Problem requirements ▸ Only those lines in the data below from the line containing "LEGO Brick Like This!" through the line containing "5665 Piccolo Street - Photo 39", both included, should be restated word for word.

Record extracts Block Start

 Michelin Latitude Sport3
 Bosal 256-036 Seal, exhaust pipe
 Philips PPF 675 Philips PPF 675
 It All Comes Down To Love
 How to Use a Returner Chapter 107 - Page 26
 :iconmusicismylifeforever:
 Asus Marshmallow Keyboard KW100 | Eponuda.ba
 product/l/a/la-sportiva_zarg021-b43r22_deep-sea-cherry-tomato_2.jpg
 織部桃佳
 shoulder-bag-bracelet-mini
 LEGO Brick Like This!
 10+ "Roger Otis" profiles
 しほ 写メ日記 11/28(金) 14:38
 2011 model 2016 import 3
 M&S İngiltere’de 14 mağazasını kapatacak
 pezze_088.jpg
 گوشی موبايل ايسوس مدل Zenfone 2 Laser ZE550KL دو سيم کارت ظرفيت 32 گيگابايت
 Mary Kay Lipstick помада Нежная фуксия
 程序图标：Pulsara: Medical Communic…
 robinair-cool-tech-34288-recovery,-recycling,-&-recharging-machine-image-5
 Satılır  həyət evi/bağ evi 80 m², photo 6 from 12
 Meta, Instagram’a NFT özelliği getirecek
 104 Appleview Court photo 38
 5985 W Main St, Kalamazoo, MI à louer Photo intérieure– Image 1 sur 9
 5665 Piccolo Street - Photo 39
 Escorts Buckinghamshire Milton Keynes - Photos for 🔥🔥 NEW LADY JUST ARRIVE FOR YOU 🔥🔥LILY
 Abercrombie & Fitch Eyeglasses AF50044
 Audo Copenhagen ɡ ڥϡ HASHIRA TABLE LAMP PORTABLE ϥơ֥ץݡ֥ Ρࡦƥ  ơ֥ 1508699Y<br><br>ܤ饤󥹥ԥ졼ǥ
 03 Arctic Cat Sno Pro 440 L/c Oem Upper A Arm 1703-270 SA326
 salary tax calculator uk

Record extracts Block End

Solution to the exercise ▸
 LEGO Brick Like This!
 10+ "Roger Otis" profiles
 しほ 写メ日記 11/28(金) 14:38
 2011 model 2016 import 3
 M&S İngiltere’de 14 mağazasını kapatacak
 pezze_088.jpg
 گوشی موبايل ايسوس مدل Zenfone 2 Laser ZE550KL دو سيم کارت ظرفيت 32 گيگابايت
 Mary Kay Lipstick помада Нежная фуксия
 程序图标：Pulsara: Medical Communic…
 robinair-cool-tech-34288-recovery,-recycling,-&-recharging-machine-image-5
 Satılır  həyət evi/bağ evi 80 m², photo 6 from 12
 Meta, Instagram’a NFT özelliği getirecek
 104 Appleview Court photo 38
 5985 W Main St, Kalamazoo, MI à louer Photo intérieure– Image 1 sur 9
 5665 Piccolo Street - Photo 39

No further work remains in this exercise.